Margaret Qualley dans “Stars At Noon” de Claire Denis

Avec des moyens de cinéma encore plus minimalistes (des plans à l’élégance feutrée plutôt qu’une caméra chaloupée), Showing Up de Kelly Reichardt produit un effet de persistance similaire. On y pense longtemps après l’avoir vu. Et pourtant, le film de la grande cinéaste américaine a parfois l’air de rien. Une artiste (Michelle Williams, d’une sobriété exemplaire) y passe des journées rythmées par diverses obligations, sans exprimer beaucoup d’émotions. Elle n’a pas de mec et une famille plutôt boulet. Pour une expo à venir, Lizzy travaille des pièces inspirées de corps féminins, d’apparence fragile. Un jour, elle récupère un pigeon que son chat a blessé et quelque chose dévisse, dans le bon sens du terme. Cette héroïne sans qualités retisse peu à peu la toile de sa liberté – à moins que ce ne soit notre perception qui change. Showing Up, comme les œuvres de Lizzie, se révèle plus solide et pertinent qu’il n’avait pu le laisser croire.
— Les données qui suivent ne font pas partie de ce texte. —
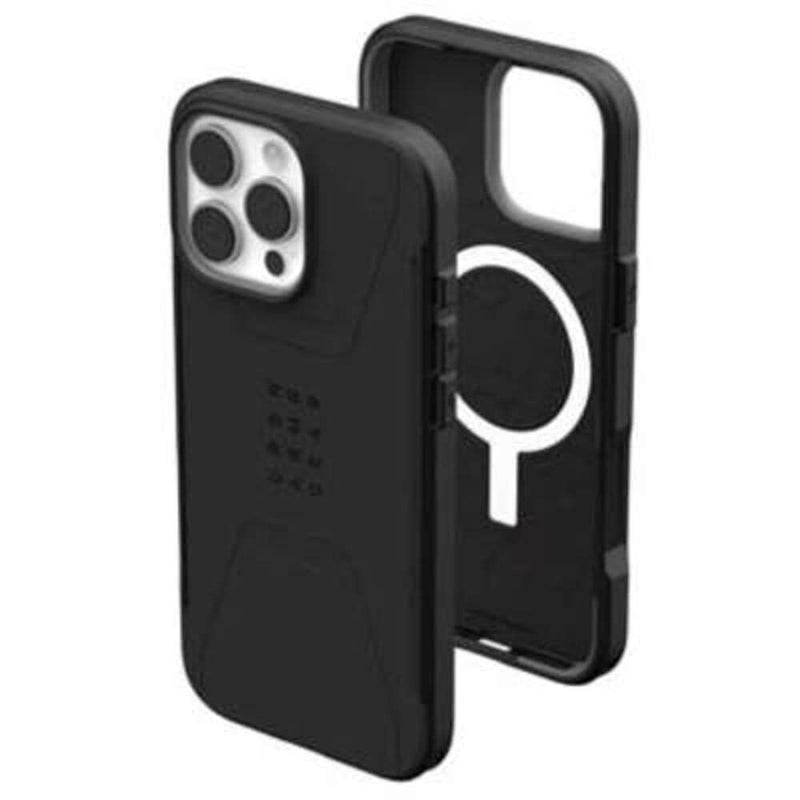 UAG Civilian Magsafe Back Case for iPhone 16 Pro Max - Black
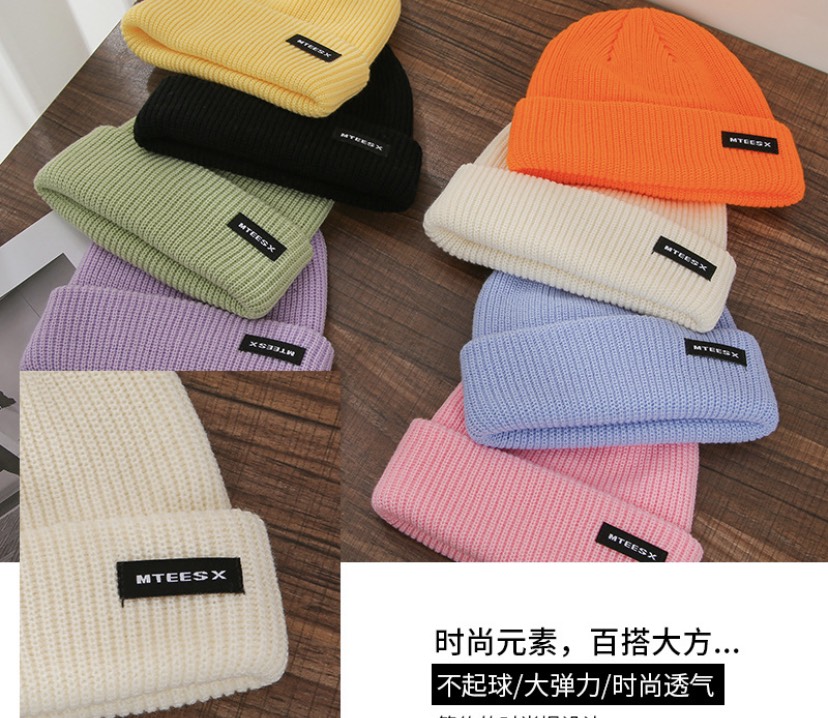 [Hoàn Tiền 15%] Mũ Nón Len Beanie Trơn Basic Phong Cách Retro HipHop Hàn Quốc Nam Nữ Unisex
La septuagénaire Claire Denis et la quinqua Kelly Reichardt travaillent une exigence de cinéma qui vient du même lieu : l’idée toute simple qu’un film documente l’histoire d’un rapport entre une personne qui regarde et une autre qui est regardée. Il nous appartient ensuite de faire fructifier ce lien, d’en toucher les bords fantasmatiques. Avec cette logique, les réalisatrices forment logiquement des duos imparables avec leurs comédiennes. Dans Stars At Noon, Margaret Qualley, fille d’Andy McDowell vue dans Once Upon A Time in Hollywood de Quentin Tarantino et la série The Leftovers, affirme sa totale liberté avec un personnage souvent insaisissable, agaçant et fantasque. Michelle Williams tourne quant à elle pour la quatrième fois avec Kelly Reichardt après Wendy et Lucy (2008), La Dernière piste (2011) et le chef d’œuvre Certaines femmes (2016). Les carcans de la séduction, au sens classique et masculin du terme, lui paraissent ici totalement étrangers. La star joue d’un certain effacement en symbiose avec son personnage. C’est captivant et paradoxalement, brûlant de vitalité. 

 

Stars at Noon de Claire Denis et Showing Up de Kelly Reichardt. En compétition. Prochainement en salles.